|Year : 2021 | Volume
| Issue : 1 | Page : 28-39
Computational modeling and analysis of Ayurvedic compounds in fighting against COVID-19
Pramodkumar P Gupta1, Shraddha U Nayak2, Mala M Parab1, Debjani Dasgupta1, Maheshkumar S Harit2
1 School of Biotechnology and Bioinformatics, D Y Patil Deemed to be University, CBD Belapur, India
2 School of Ayurveda, D Y Patil Deemed to be University, Nerul, Navi Mumbai, Maharashtra, India
|Date of Submission||21-Jul-2021|
|Date of Acceptance||16-Aug-2021|
|Date of Web Publication||14-Dec-2021|
Dr. Pramodkumar P Gupta
School of Biotechnology and Bioinformatics, D Y Patil Deemed to be University, Plot 50, Sector 15, CBD Belapur, Navi Mumbai 400614, Maharashtra.

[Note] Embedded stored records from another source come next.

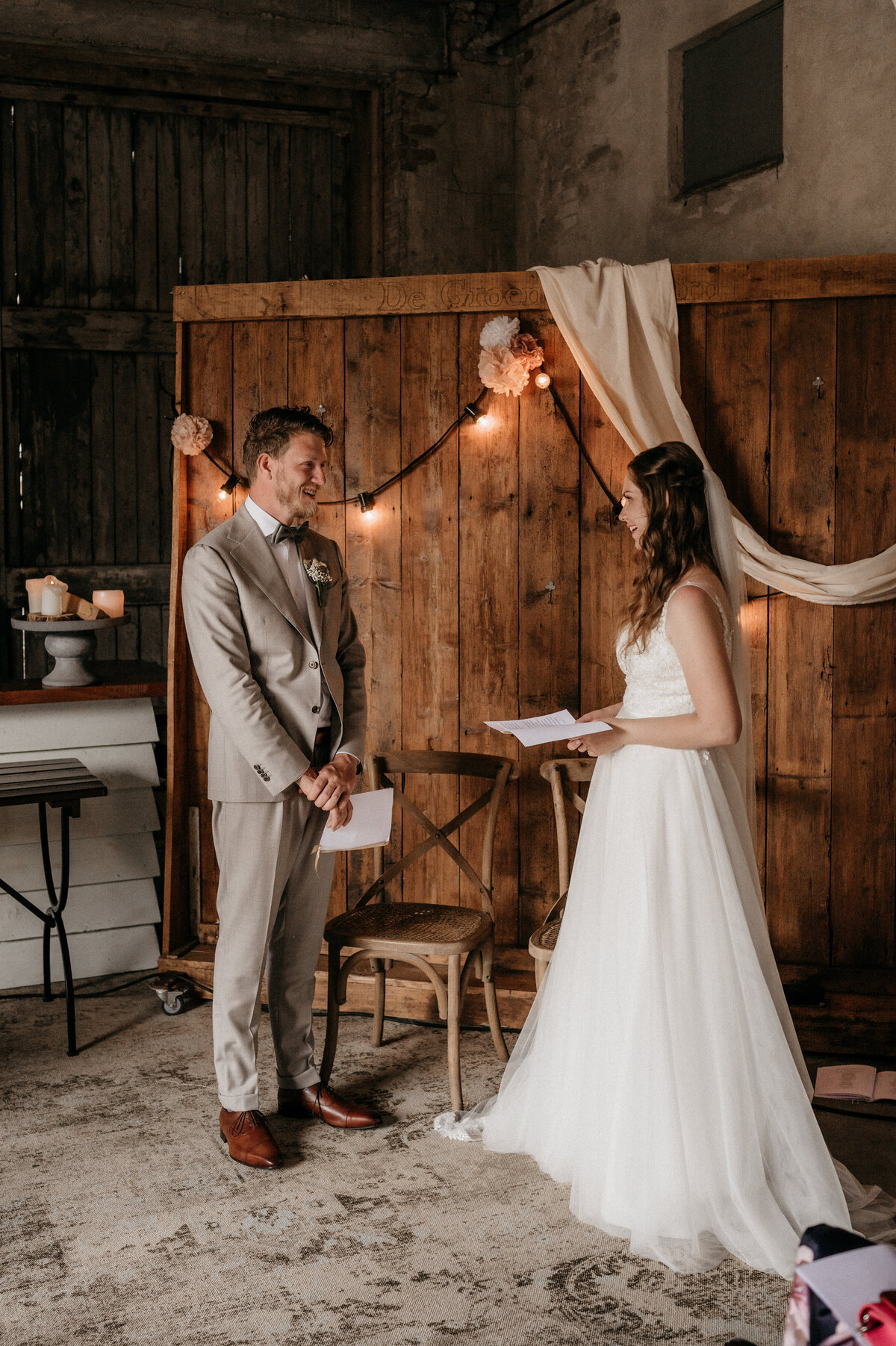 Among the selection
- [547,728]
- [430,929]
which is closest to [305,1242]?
[430,929]

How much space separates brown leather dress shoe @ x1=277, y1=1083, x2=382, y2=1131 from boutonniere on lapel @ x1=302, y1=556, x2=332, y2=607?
1.35m

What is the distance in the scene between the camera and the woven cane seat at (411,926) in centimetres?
302

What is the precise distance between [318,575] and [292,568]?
7 cm

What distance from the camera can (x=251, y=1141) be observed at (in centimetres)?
275

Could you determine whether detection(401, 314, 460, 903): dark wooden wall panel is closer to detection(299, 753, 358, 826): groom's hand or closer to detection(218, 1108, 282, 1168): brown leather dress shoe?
detection(299, 753, 358, 826): groom's hand

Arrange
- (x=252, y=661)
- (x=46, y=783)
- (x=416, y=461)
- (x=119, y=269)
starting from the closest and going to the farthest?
1. (x=252, y=661)
2. (x=46, y=783)
3. (x=416, y=461)
4. (x=119, y=269)

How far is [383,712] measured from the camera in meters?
3.90

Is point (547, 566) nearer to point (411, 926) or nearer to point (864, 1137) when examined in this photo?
point (411, 926)

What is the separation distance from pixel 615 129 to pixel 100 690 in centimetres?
366

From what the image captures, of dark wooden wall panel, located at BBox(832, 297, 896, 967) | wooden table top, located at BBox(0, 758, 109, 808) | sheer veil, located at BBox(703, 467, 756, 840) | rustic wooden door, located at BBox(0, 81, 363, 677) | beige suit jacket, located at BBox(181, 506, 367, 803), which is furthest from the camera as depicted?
rustic wooden door, located at BBox(0, 81, 363, 677)

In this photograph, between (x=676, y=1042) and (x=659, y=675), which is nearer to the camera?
(x=676, y=1042)

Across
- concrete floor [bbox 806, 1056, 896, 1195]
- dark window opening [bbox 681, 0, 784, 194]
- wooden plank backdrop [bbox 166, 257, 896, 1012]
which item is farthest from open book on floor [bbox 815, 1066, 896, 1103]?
dark window opening [bbox 681, 0, 784, 194]

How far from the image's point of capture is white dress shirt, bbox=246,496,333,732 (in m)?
2.86

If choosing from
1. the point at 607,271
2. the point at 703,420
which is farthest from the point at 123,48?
the point at 703,420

Source of Support: None, Conflict of Interest: None
AIM: To screen the selective Ayurvedic amalgams against severe acute respiratory syndrome corona virus 2 (SARS-CoV-2) main protease in the investigation of antiviral activity using computational-based methods. MATERIALS AND METHODS: The current research study endeavors to gauge the in silico potency of Ayurvedic molecules/drugs, chosen from primeval classical literature and former human medication protocols of Ayurveda for the preemption and treatment of contagion (COVID-19). Overall, 84 Ayurvedic compounds on the basis of antiviral activity were searched from literature and public database sources and canonical smiles format molecular information was retrieved from the PubChem database. All the compounds were sketched using Chemsketch tool and optimized using UFF force field. The selected molecules were then virtually screened against the SARS-CoV-2 main protease available structure. RESULTS: The outcomes were evaluated based on docking scores and pharmacophoric-based interactions; five compounds exhibited an optimum interaction within the binding site of SARS-CoV-2 main protease. CONCLUSION: The current research study lay the foundation of drug repurposing with the amalgamation of knowledge of Ayurveda and computational aided modeling in fighting against COVID-19. Therefore, the pragmatic dogma proposed here will facilitate learning, generate evidence, and pave the way forward.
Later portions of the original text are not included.